Caddy’s is also the central figure of all three individual narratives as she is the object of this presence/absence ambivalence that defines the lives of all three male figures. Caddy plays the role of the displaced biological mother of all three characters – the mother that is both intrusively present with her demanding character and completely absent in her emotional alienation. Caddy, on the other hand, is the desired mother-like figure to all three characters. Fowler (40) illustrates this quite well about Quentin.

Quentin’s desire for Caddy is the defining tension of his identity; however, the consummation of that desire negates his identity, and he ends up committing suicide. Fowler (40) writes, “This equation of sex and death is extended to include Caddy because for Quentin sex with Caddy, a displaced mother figure, images a return to an imaginary unity before the onset of alienation and identity.” In other words, the moment Caddy becomes radically present in his life, he, paradoxically, loses her and, consequently, loses himself as well.

The analysis offered by Fowler is very interesting and elegant one. In particular, the explanation for, seemingly unmotivated, Quentin’s suicide is truly enlightening. Also, the reader does have the sense that Caddy is somehow the key to the understanding of the novel as the image of her is constantly in the background of the story, and only rarely does it come to the forefront.

However, without these theoretical insights from Lacanian psychoanalysis, one cannot have a framework within which to try to explain her status. Fowler’s success is in unifying the Lacanian theory and Faulkner’s mysterious style and thereby showing the brilliance of both.

In conclusion, Faulkner’s narrative technique is in the service of portraying his philosophical view about the nature of time. The complete disregard for the future and focus on the past is the reflection of Faulkner’s belief that the events of the present and the future are completely fixed, and we can only experience the past.

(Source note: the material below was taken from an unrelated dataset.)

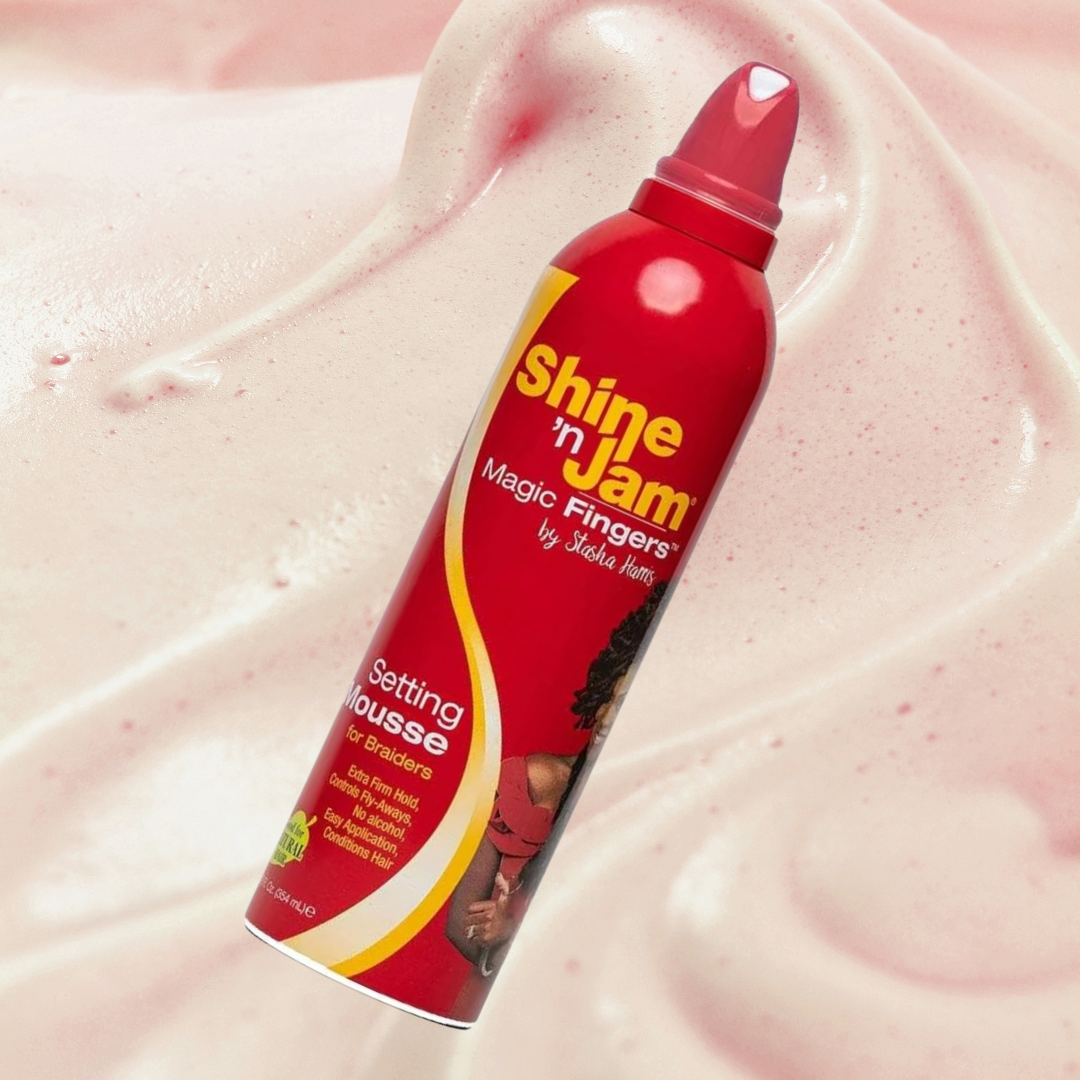 Ampro Shine 'N Jam Magic Fingers Setting Mousse For Braids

Next, the character of Caddy is the key to understanding many events in the novel if it is analyzed from the Lacanian perspective. Caddy’s absence is necessary as a reference point for the identity formation of each character. The negation of that absence, as is illustrated by the case of Quentin, results in the character’s self-annihilation.

Works Cited

Faulkner, William. The sound and the fury: the corrected text, New York: Vintage Books, 1990. Print.

Fowler, Doreen. Faulkner: the return of the repressed, Charlottesville, Va.: University Press of Virginia, 1997. Print.

Sartre, Jean-Paul. “Time in Faulkner: the sound and the fury.” William Faulkner: Three Decades of Criticism. Ed. Frederick Hoffman and Olga Vickery. Harcourt: Brace & World, inc., 1939, 225-32. Print.